[Short descriptive text snippets]
Start of Block

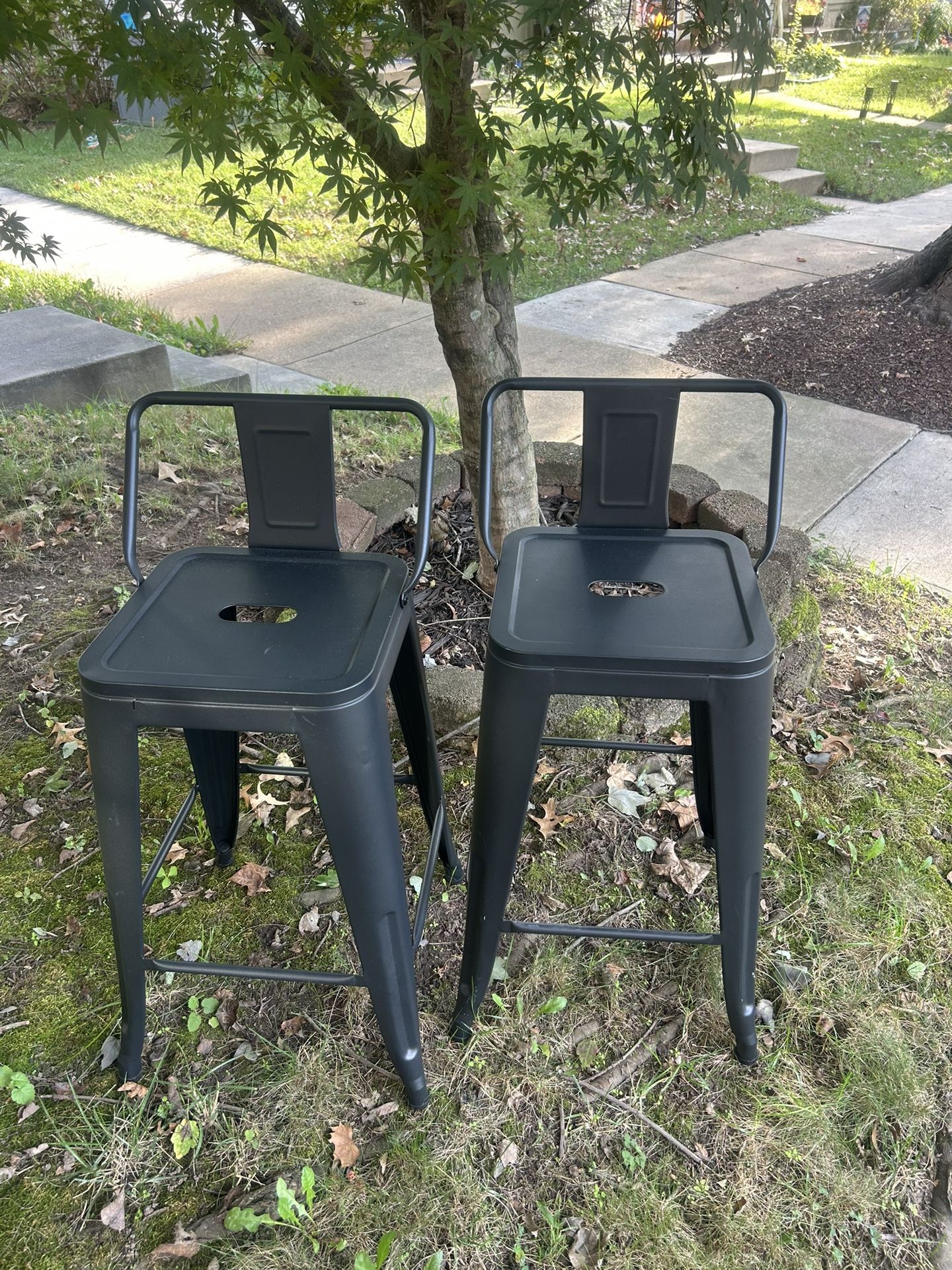 SET OF 2 PRE-OWNED VINTAGE LOOKING BLACK STEEL STOOL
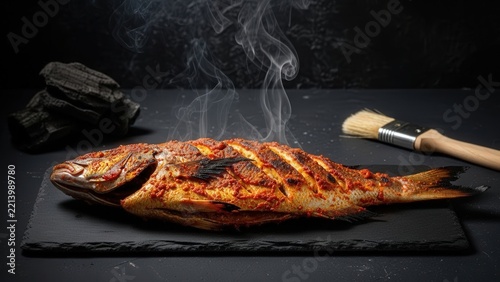 Dramatic Maldivian Fihunu Mas Grilled Whole Reef Fish with Smoke on Dark Slate and Copy Space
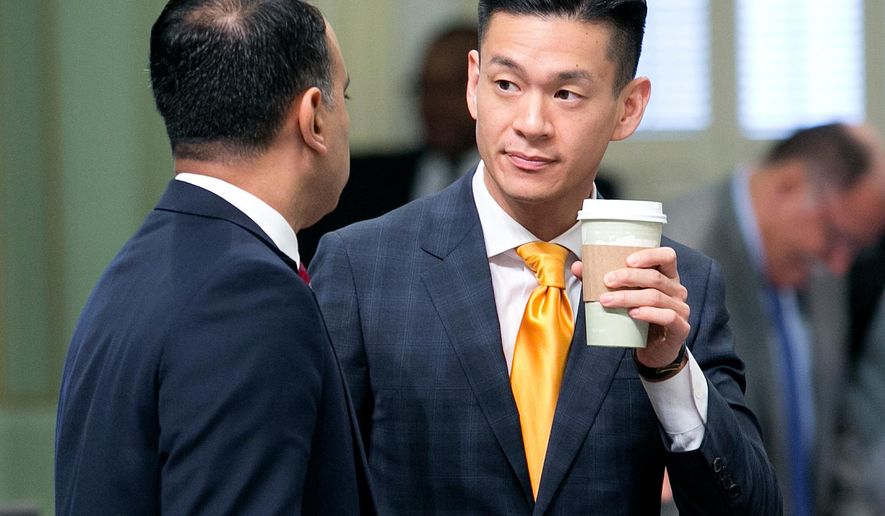 FILE--In this Sept. 13, 2017, file ph too, California Assemblyman Ash Kalra, D-San Jose, left, talks with fellow Democratic Assemblyman Evan Low, of Campbell, at the Capitol in Sacramento, Calif. Low says he authored a bill Thursday, April 19, 2018, to crack down on people selling conversion therapy as a way to change someone's sexual orientation because conversion therapy has been proven ineffective and harmful. (AP Photo/Rich Pedroncelli, file)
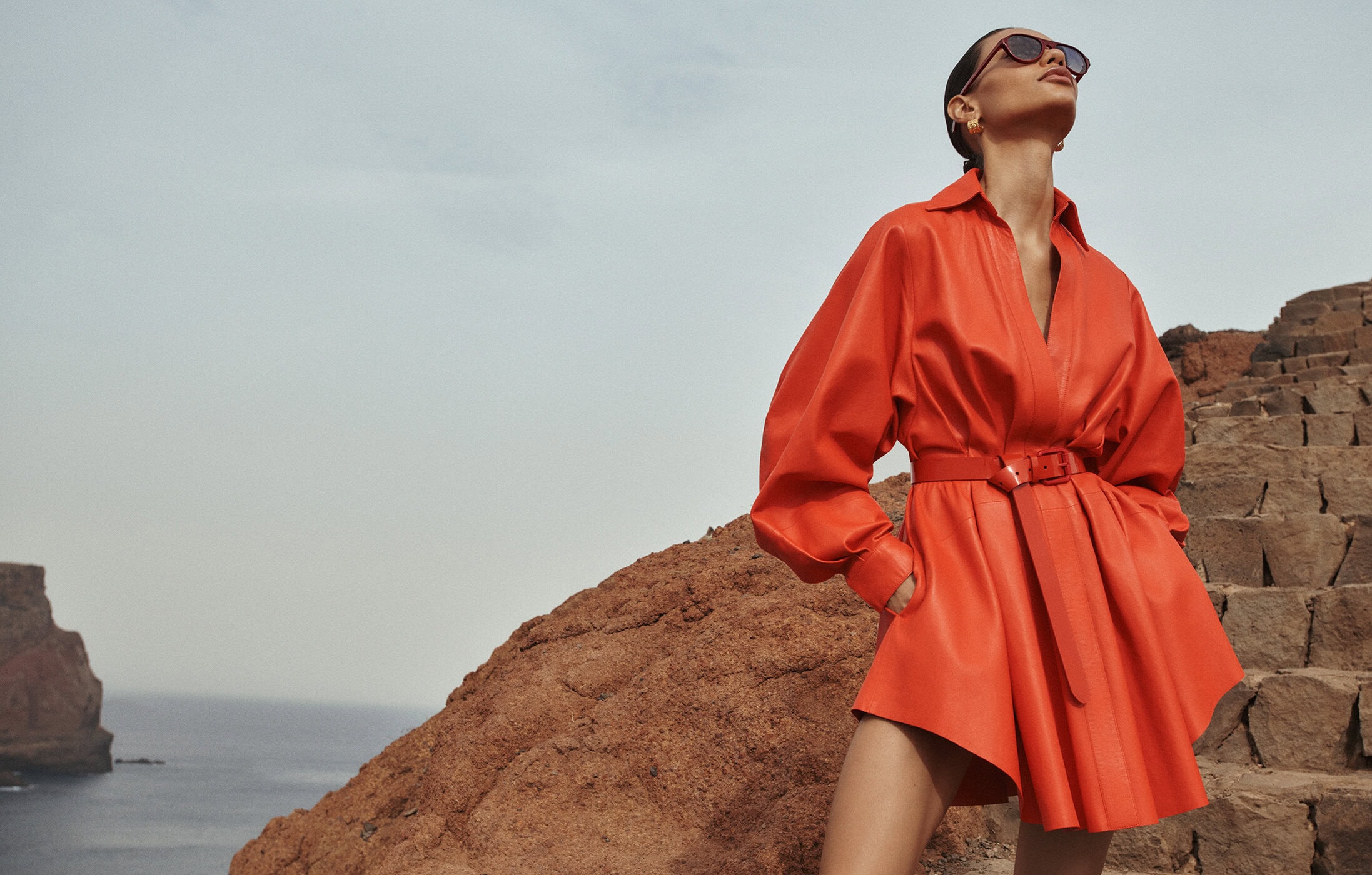 A woman in a red dress and sunglasses stands on a rocky outcrop overlooking the ocean, posing against a cloudy sky.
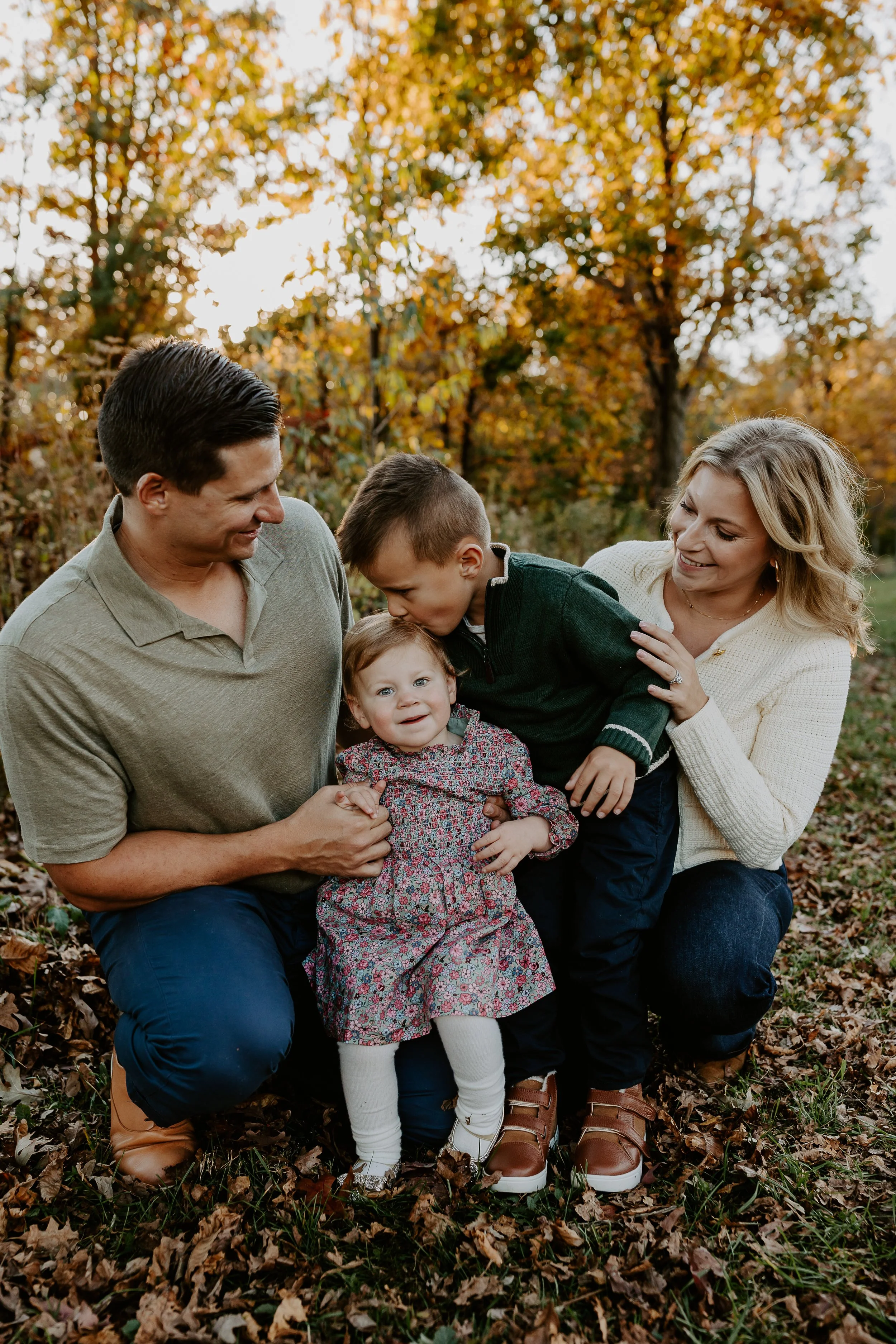 A family of five, including two adults and three children, is outdoors during fall, surrounded by autumn leaves and trees with orange and yellow foliage, smiling and enjoying time together.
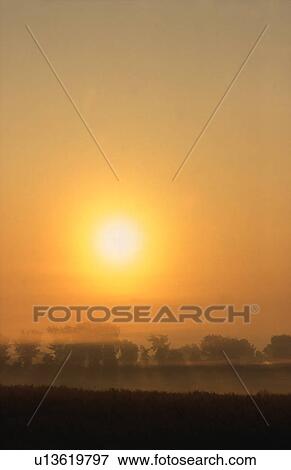 Stock Photo - Early golden morning. Fotosearch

End of Block

• **WHAT THE EXERCISE ASKS**: Repeat the data in full, exactly as it stands, but drop every picture.

• **WRITTEN RESPONSE**:
 SET OF 2 PRE-OWNED VINTAGE LOOKING BLACK STEEL STOOL
 Dramatic Maldivian Fihunu Mas Grilled Whole Reef Fish with Smoke on Dark Slate and Copy Space
 FILE--In this Sept. 13, 2017, file ph too, California Assemblyman Ash Kalra, D-San Jose, left, talks with fellow Democratic Assemblyman Evan Low, of Campbell, at the Capitol in Sacramento, Calif. Low says he authored a bill Thursday, April 19, 2018, to crack down on people selling conversion therapy as a way to change someone's sexual orientation because conversion therapy has been proven ineffective and harmful. (AP Photo/Rich Pedroncelli, file)
 A woman in a red dress and sunglasses stands on a rocky outcrop overlooking the ocean, posing against a cloudy sky.
 A family of five, including two adults and three children, is outdoors during fall, surrounded by autumn leaves and trees with orange and yellow foliage, smiling and enjoying time together.
 Stock Photo - Early golden morning. Fotosearch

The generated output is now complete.